> **Task item**
Provide an exact copy of the lines from the beginning of the records through the line that includes "210 Macquarie Way DREWVALE QLD 4116", and of no others.

━━━━━ Material provided

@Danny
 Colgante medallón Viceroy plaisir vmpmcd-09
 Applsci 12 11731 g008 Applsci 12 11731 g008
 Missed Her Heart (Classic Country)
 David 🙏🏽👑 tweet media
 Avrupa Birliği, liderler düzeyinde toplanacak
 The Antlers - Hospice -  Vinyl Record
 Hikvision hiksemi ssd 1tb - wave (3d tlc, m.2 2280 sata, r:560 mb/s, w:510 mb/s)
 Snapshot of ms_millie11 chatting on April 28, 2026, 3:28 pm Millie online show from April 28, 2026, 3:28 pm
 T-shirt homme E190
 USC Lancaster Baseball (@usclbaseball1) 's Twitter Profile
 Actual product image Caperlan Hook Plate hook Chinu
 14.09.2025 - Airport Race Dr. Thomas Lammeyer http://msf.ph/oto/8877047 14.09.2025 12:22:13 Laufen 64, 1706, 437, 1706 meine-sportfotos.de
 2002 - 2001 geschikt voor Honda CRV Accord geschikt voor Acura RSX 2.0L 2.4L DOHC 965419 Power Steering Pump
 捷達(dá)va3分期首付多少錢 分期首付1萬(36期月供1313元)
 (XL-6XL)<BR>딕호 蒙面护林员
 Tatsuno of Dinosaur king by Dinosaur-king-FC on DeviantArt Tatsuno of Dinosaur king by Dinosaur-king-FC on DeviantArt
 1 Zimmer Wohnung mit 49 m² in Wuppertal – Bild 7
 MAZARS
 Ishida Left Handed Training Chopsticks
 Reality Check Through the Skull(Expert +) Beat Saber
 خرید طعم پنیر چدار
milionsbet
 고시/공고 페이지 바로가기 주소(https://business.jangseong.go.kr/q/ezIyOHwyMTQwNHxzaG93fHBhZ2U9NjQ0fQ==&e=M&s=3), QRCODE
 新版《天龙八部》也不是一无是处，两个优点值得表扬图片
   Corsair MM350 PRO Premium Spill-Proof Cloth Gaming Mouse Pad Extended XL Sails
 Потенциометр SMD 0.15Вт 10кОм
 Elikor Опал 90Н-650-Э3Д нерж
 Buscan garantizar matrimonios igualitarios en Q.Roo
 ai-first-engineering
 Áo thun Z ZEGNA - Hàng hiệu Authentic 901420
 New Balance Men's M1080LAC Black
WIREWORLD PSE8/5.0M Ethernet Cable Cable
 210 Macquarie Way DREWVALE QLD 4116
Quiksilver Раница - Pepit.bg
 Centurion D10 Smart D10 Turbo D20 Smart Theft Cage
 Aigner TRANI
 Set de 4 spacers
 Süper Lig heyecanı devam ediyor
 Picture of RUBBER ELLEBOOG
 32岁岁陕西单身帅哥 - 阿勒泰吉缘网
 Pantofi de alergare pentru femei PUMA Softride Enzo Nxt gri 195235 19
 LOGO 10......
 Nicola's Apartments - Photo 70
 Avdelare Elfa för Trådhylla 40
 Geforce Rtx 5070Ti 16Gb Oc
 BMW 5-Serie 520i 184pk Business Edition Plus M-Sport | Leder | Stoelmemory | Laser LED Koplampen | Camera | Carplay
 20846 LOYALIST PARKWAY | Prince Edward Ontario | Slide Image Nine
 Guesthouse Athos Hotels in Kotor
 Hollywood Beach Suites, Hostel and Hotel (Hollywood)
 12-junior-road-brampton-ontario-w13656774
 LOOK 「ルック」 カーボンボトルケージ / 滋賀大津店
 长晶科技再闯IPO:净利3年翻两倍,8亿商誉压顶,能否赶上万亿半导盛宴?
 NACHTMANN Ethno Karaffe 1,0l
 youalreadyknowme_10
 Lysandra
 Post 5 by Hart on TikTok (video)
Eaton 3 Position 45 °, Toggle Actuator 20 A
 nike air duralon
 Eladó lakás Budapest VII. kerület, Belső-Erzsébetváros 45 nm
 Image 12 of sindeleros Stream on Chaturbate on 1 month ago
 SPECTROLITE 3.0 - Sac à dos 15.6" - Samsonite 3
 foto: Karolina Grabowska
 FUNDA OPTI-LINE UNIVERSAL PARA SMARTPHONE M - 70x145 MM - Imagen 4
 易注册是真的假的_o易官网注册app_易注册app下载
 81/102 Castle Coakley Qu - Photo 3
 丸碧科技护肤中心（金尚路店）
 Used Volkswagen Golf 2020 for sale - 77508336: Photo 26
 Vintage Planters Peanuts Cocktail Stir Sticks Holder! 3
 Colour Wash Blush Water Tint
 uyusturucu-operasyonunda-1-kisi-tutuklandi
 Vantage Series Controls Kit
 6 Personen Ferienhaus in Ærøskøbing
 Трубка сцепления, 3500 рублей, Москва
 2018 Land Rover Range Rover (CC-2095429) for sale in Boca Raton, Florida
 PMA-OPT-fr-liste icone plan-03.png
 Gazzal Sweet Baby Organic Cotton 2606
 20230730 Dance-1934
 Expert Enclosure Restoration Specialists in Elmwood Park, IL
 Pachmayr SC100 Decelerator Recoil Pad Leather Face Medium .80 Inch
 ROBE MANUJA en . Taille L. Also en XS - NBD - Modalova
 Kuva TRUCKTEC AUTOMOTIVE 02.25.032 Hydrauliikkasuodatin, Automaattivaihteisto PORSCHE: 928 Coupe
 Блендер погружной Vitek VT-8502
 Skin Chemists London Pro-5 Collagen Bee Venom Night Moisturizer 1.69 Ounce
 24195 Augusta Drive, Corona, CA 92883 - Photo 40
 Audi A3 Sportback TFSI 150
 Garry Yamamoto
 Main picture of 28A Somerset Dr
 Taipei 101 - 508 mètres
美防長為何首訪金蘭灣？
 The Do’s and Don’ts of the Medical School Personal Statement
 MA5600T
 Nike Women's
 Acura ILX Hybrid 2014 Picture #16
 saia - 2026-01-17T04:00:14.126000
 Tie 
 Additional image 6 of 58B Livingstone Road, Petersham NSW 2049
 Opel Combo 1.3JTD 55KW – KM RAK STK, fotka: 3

━━━━━━━━━━

> **Answer to the problem**
@Danny
 Colgante medallón Viceroy plaisir vmpmcd-09
 Applsci 12 11731 g008 Applsci 12 11731 g008
 Missed Her Heart (Classic Country)
 David 🙏🏽👑 tweet media
 Avrupa Birliği, liderler düzeyinde toplanacak
 The Antlers - Hospice -  Vinyl Record
 Hikvision hiksemi ssd 1tb - wave (3d tlc, m.2 2280 sata, r:560 mb/s, w:510 mb/s)
 Snapshot of ms_millie11 chatting on April 28, 2026, 3:28 pm Millie online show from April 28, 2026, 3:28 pm
 T-shirt homme E190
 USC Lancaster Baseball (@usclbaseball1) 's Twitter Profile
 Actual product image Caperlan Hook Plate hook Chinu
 14.09.2025 - Airport Race Dr. Thomas Lammeyer http://msf.ph/oto/8877047 14.09.2025 12:22:13 Laufen 64, 1706, 437, 1706 meine-sportfotos.de
 2002 - 2001 geschikt voor Honda CRV Accord geschikt voor Acura RSX 2.0L 2.4L DOHC 965419 Power Steering Pump
 捷達(dá)va3分期首付多少錢 分期首付1萬(36期月供1313元)
 (XL-6XL)<BR>딕호 蒙面护林员
 Tatsuno of Dinosaur king by Dinosaur-king-FC on DeviantArt Tatsuno of Dinosaur king by Dinosaur-king-FC on DeviantArt
 1 Zimmer Wohnung mit 49 m² in Wuppertal – Bild 7
 MAZARS
 Ishida Left Handed Training Chopsticks
 Reality Check Through the Skull(Expert +) Beat Saber
 خرید طعم پنیر چدار
milionsbet
 고시/공고 페이지 바로가기 주소(https://business.jangseong.go.kr/q/ezIyOHwyMTQwNHxzaG93fHBhZ2U9NjQ0fQ==&e=M&s=3), QRCODE
 新版《天龙八部》也不是一无是处，两个优点值得表扬图片
   Corsair MM350 PRO Premium Spill-Proof Cloth Gaming Mouse Pad Extended XL Sails
 Потенциометр SMD 0.15Вт 10кОм
 Elikor Опал 90Н-650-Э3Д нерж
 Buscan garantizar matrimonios igualitarios en Q.Roo
 ai-first-engineering
 Áo thun Z ZEGNA - Hàng hiệu Authentic 901420
 New Balance Men's M1080LAC Black
WIREWORLD PSE8/5.0M Ethernet Cable Cable
 210 Macquarie Way DREWVALE QLD 4116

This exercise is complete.